### RECORD EXTRACTS:
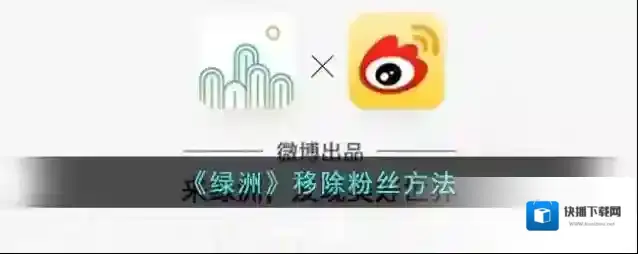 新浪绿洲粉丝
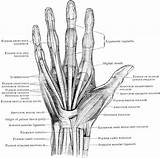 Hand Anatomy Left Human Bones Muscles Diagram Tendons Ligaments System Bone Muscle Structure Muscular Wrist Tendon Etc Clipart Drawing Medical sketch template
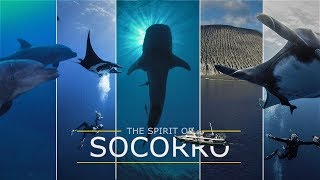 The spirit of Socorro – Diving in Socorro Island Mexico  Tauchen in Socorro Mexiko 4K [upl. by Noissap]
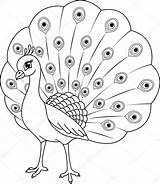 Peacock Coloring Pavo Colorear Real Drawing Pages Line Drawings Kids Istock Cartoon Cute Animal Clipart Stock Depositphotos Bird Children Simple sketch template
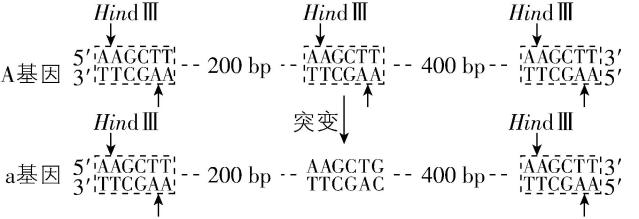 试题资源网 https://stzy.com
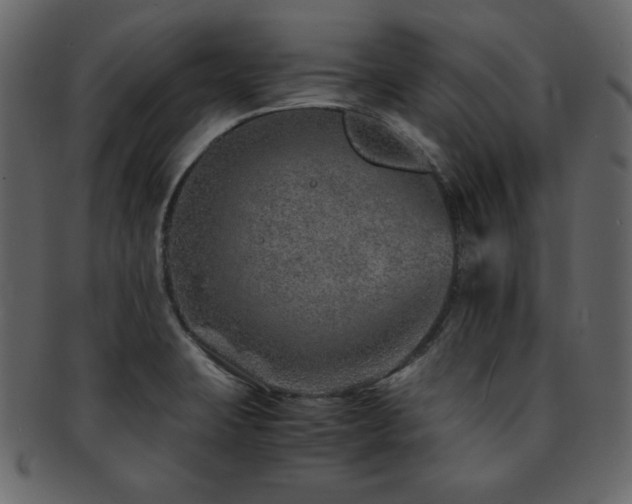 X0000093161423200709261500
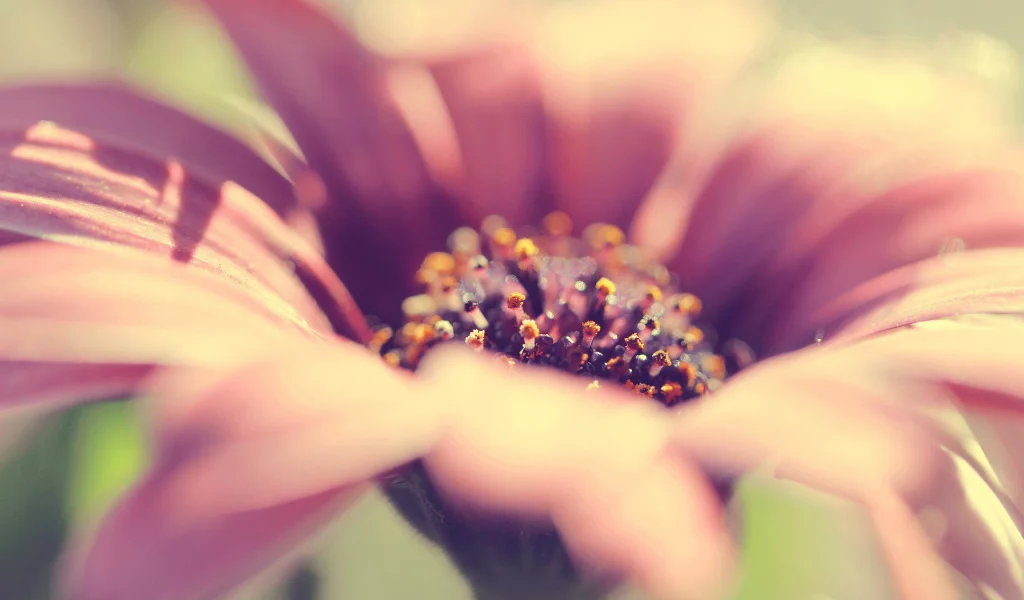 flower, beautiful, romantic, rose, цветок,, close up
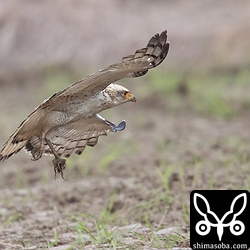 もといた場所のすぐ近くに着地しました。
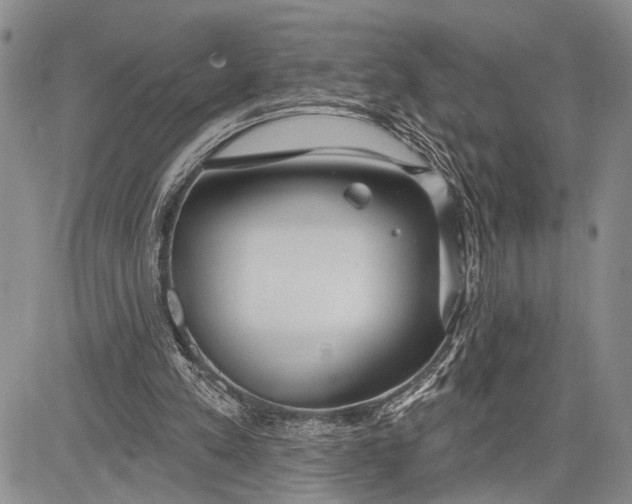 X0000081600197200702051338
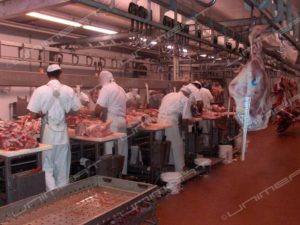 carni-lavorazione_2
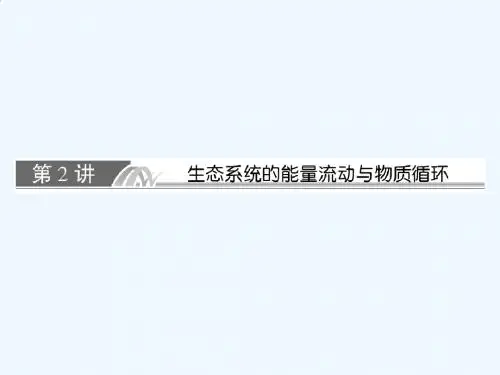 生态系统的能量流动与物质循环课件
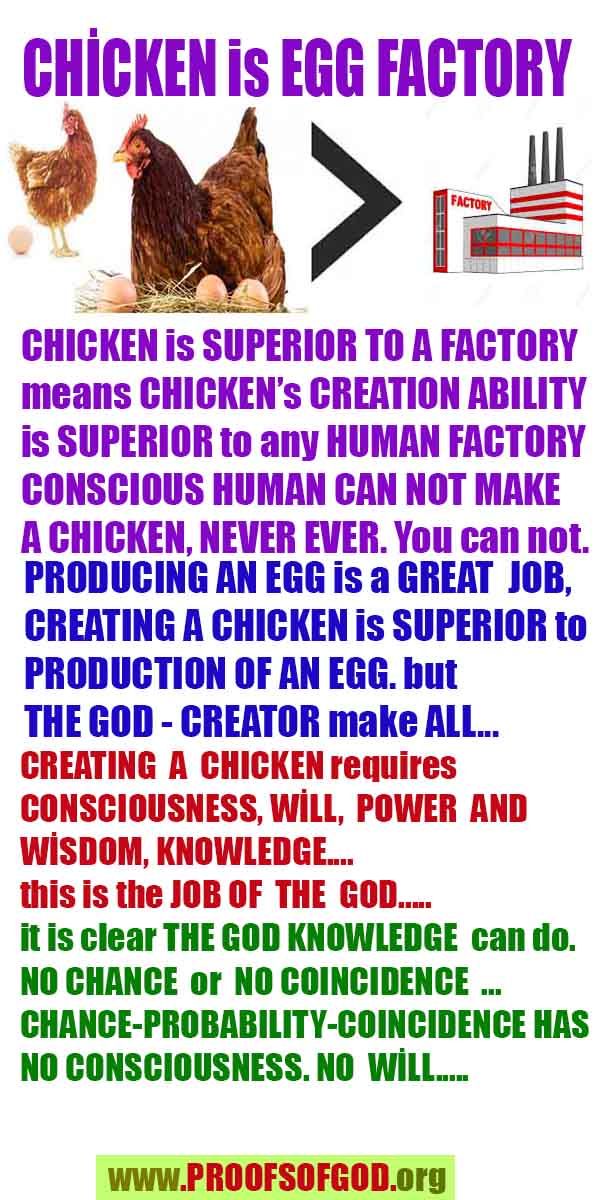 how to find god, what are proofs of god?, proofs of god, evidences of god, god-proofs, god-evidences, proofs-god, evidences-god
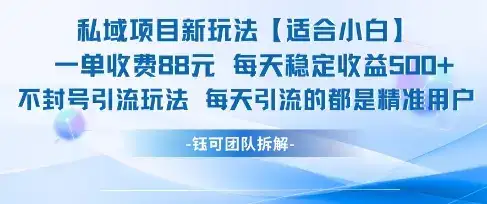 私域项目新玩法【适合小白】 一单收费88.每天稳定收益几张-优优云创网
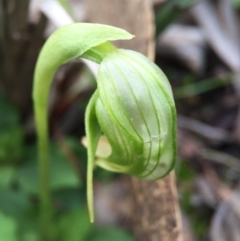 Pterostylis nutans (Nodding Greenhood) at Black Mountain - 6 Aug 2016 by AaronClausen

### WORK TO COMPLETE:
The copy must begin with the line containing "Hand Anatomy Left", end with the last line of the material, match each line exactly, and hold no pictures.

### RESPONSE FOR THIS EXERCISE:
 Hand Anatomy Left Human Bones Muscles Diagram Tendons Ligaments System Bone Muscle Structure Muscular Wrist Tendon Etc Clipart Drawing Medical sketch template
 The spirit of Socorro – Diving in Socorro Island Mexico  Tauchen in Socorro Mexiko 4K [upl. by Noissap]
 Peacock Coloring Pavo Colorear Real Drawing Pages Line Drawings Kids Istock Cartoon Cute Animal Clipart Stock Depositphotos Bird Children Simple sketch template
 试题资源网 https://stzy.com
 X0000093161423200709261500
 flower, beautiful, romantic, rose, цветок,, close up
 もといた場所のすぐ近くに着地しました。
 X0000081600197200702051338
 carni-lavorazione_2
 生态系统的能量流动与物质循环课件
 how to find god, what are proofs of god?, proofs of god, evidences of god, god-proofs, god-evidences, proofs-god, evidences-god
 私域项目新玩法【适合小白】 一单收费88.每天稳定收益几张-优优云创网
 Pterostylis nutans (Nodding Greenhood) at Black Mountain - 6 Aug 2016 by AaronClausen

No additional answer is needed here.